ギリギリ魔法鉄鋼王国内であるものの、神聖王国まで三十分もかからないという立地。
窓から目を凝らせばそこにあるのは神聖王国で。
それが、明葉が初めて見る『外国』の姿だった。
「……」
正直。
沃野領と何も変わらないと思う。
辺境だからなのかも知れないが、少なくとも殺し合うに足る違いは見受けられなかった。
そんな違いが、世界に存在して良いかどうかわからなかったけど。
「……来るぞ。

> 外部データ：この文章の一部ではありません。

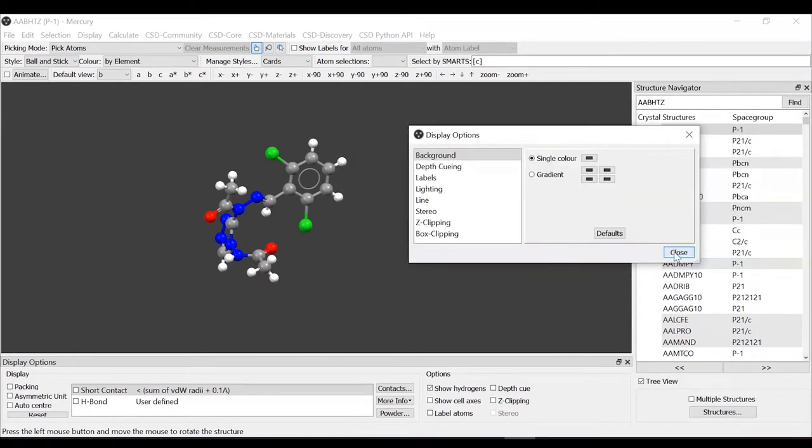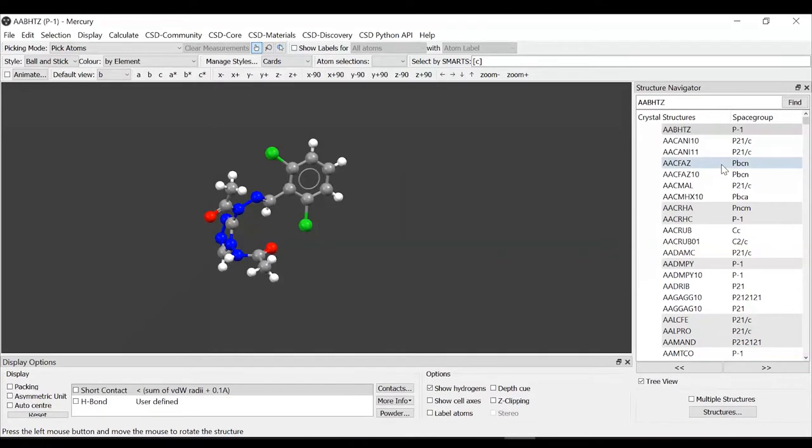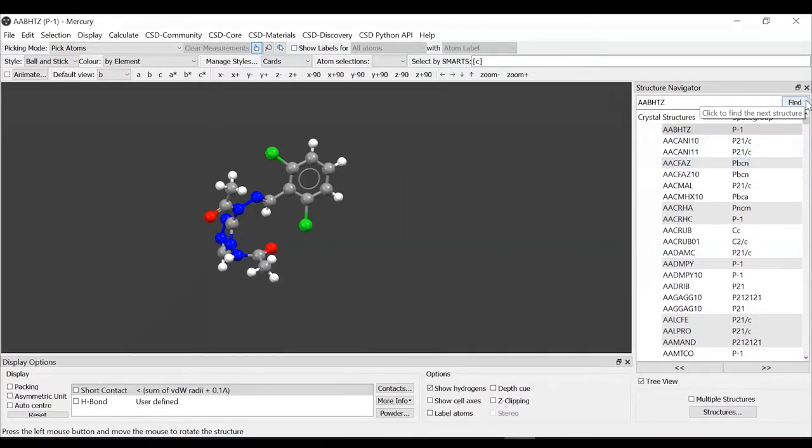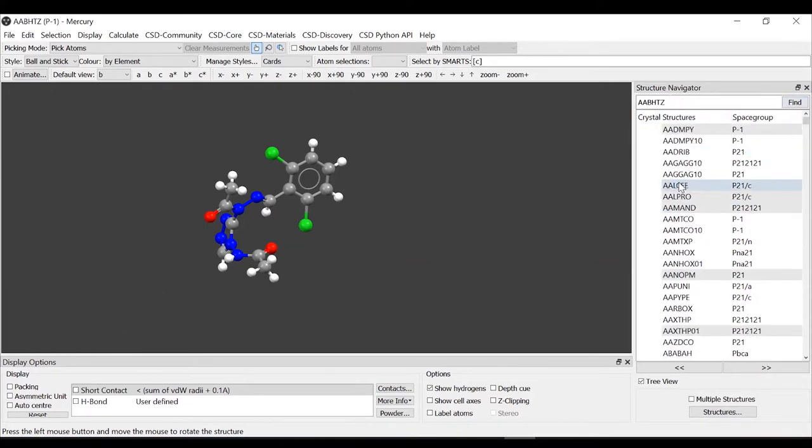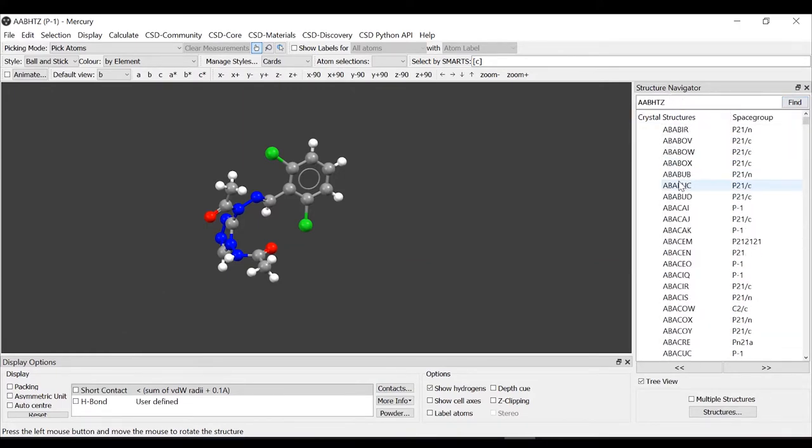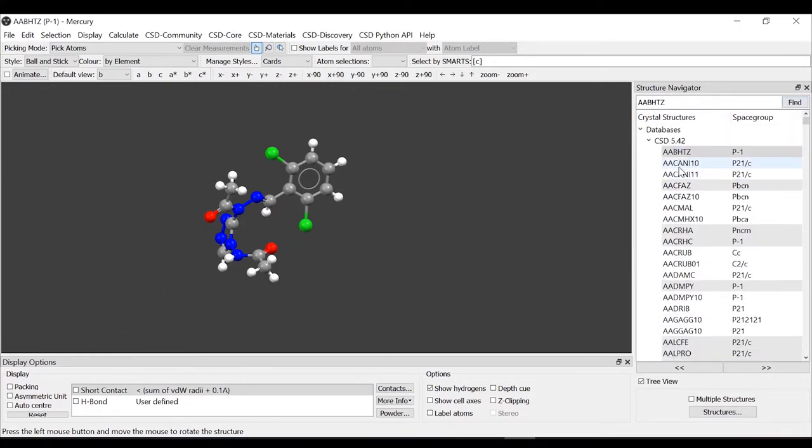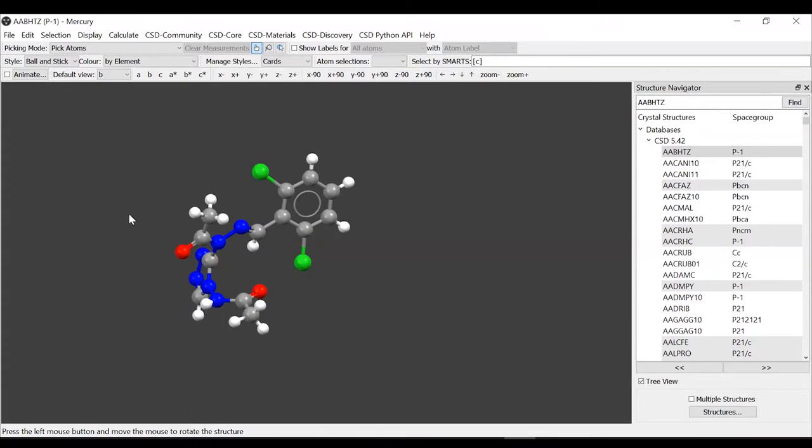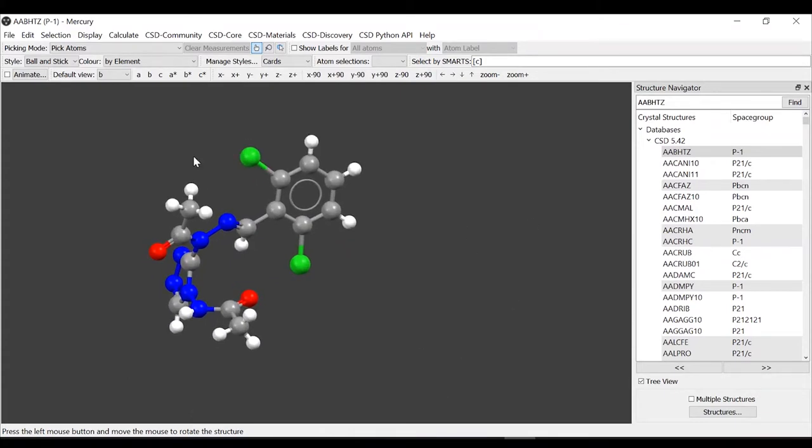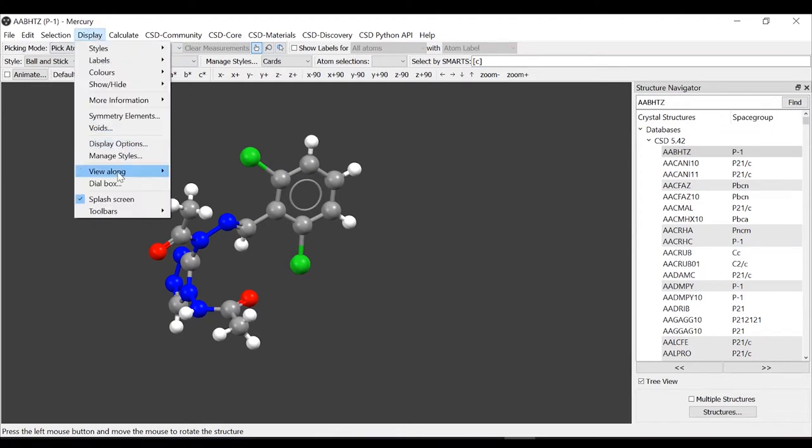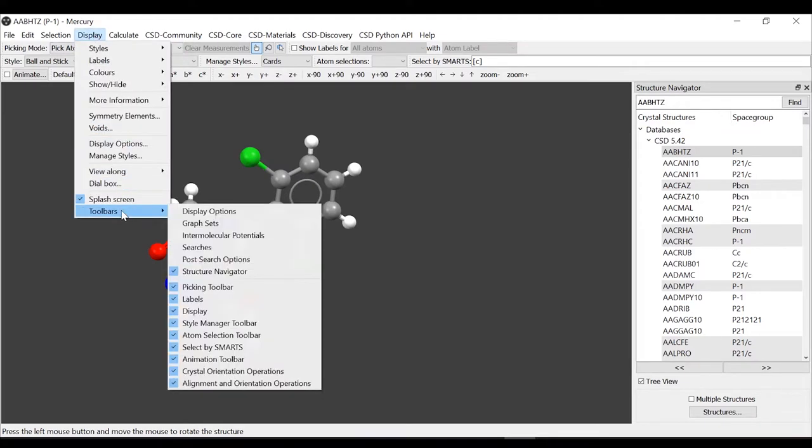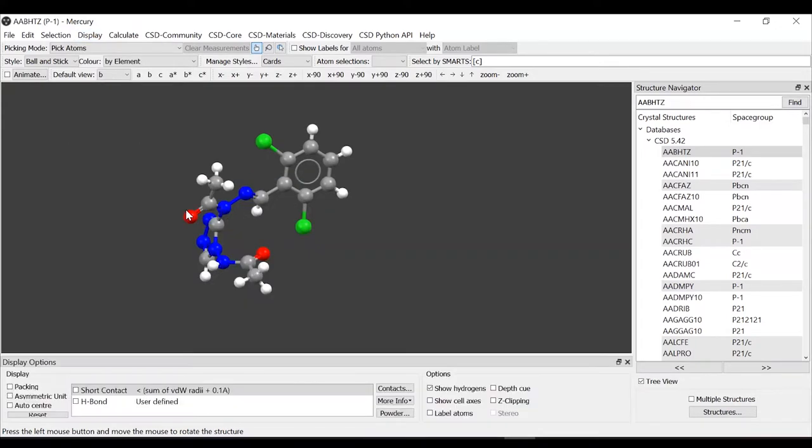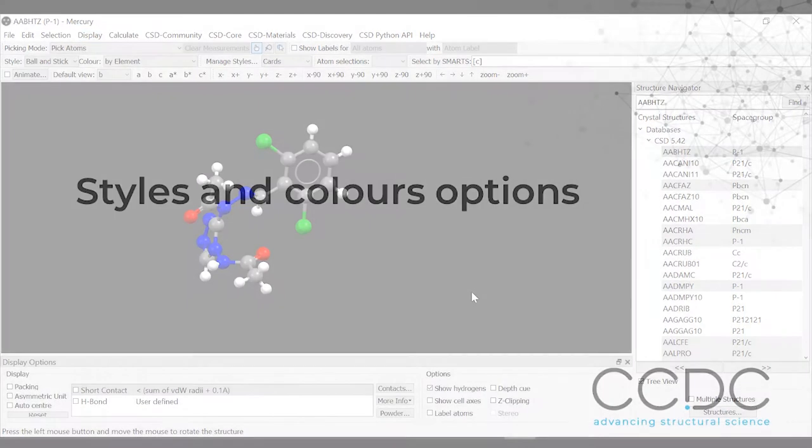We can move on to the other parts of the Mercury interface. We have this structure navigator on the right where we can see all the structures that are loaded. Here we will insert the refcode of our structure. We will use some of the display options here at the bottom. If we close it, maybe we don't need it, we can always restore it from display toolbars.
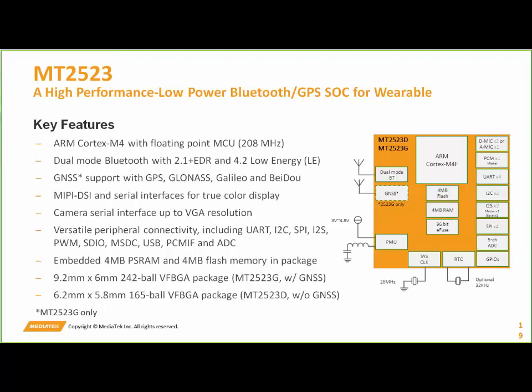A few of the technical considerations for this chip. The main thing to point out: it's an ARM Cortex M4 with floating point MCU, and the PMU is implemented in hardware, so you can handle power management a lot better. It has GNSS support for all the major protocols — GPS, GLONASS, Galileo, and BeiDou. That is for the GNSS variant of the chip. We do also offer a chip variant without the GNSS.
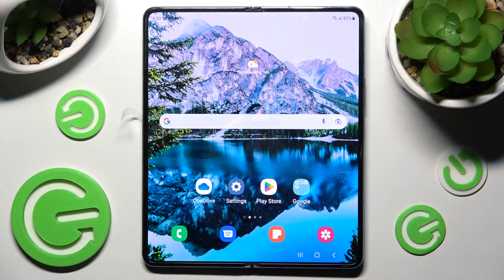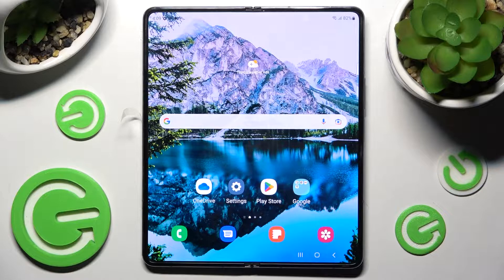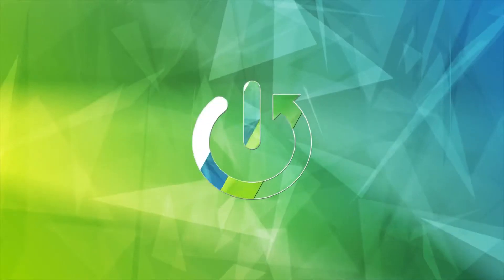Hi! In front of me is Samsung Galaxy Z Fold 4, and today I would like to show you how you can set up screen lock on this device.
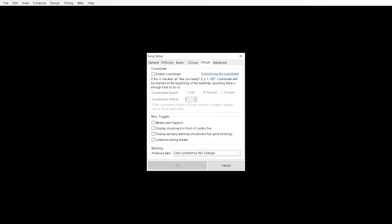So for skinning I have a custom skin. But preferably you should just keep it on this setting, user's preference. So other people that have other custom skins can play with their own skins.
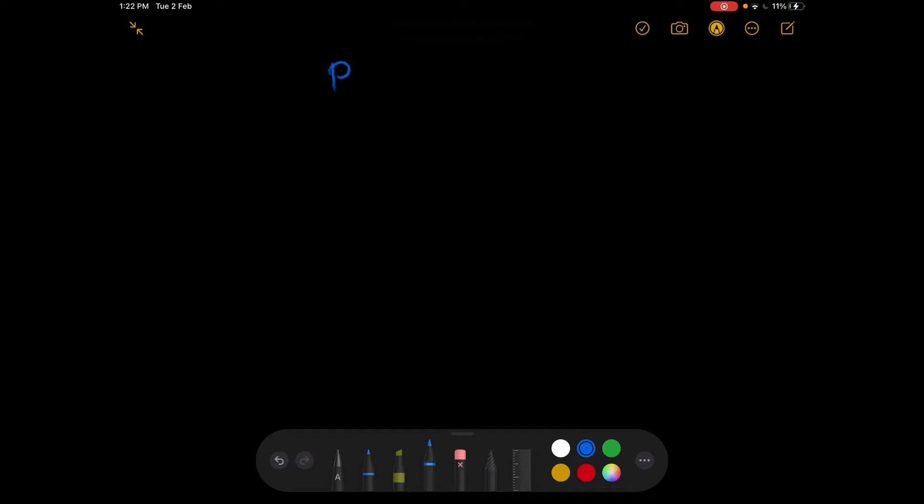Hey guys, welcome back to another new video. In this video we will be studying physics. This is my first physics lecture, so first let me write the heading: Physics.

席につけ」
本来は。
一国の王に対して座ったままというのはあり得ない。
しかし、そこは勇者。
勇者の安全と意向は礼儀礼節に優先する。
明葉は大人しく座って待つ。
ドアが開いた。
――てっきり、白いローブの魔法使いが入って来るのだろうと思っていた。
流石に一国の王が護衛もつけずに外国にやって来たりはしないだろうと。
そして、そんな予想はあっさりと裏切られる。
――光沢あるシルクの純白のスーツ。
銀糸を織り込んだ白のネクタイ。
磨きあげられた革靴も染み一つない白。
その隣にどんな美姫がいても霞むほどに、白く白く輝いて。
誰が主役かなど、疑問の余地がない。
余計な取り巻きなど一人も居ない。
余計なパーツなど一欠片もない。
たった一人で彼は完成していた。
文化大国神聖王国のそれは本領発揮だった。
「今日は。僕が神聖王国法王フランシスコです。フランって呼んでくださいね」
そんなことを言って、彼は笑う。
穏和な笑みだと思う。
気さくな口調だと思う。
それだけに作り物めいている思った。
明葉にだって、外国語で気さくに話すのが難しいことぐらいわかるのである。
その気さくで気楽な口調の裏に少なくない努力があるのだろう。
そして、彼はそれを苦労ともなんとも思っていないんだろう。
そんな姿勢は仁ノ宮さんに似ている。
「初めまして。魔法鉄鋼王国勇者安部明葉です」
ぺこり、と頭を下げる。
もっと正しい頭の下げかたが世の中にはあるのだろうけど、生憎とそんなものは知らない。
目に映るのは自分で選んだ灰青色のローブ。
気に入ってはいたのだけど、こうしてみるとマットな質感とあいまってひどくくすんで見えた。
まあ。
明葉の後ろに控える魔術師二人よりは断然ましなのだけれども。
くたっと着古した黒のローブをほつれや破れを気にせず着るのは魔法鉄鋼王国宮廷魔法師の悪習らしい。
二人。
そう、二人である。
江藤龍と――江藤蓮。
魔法鉄鋼王国が誇る最高の魔法使いのお出ましである。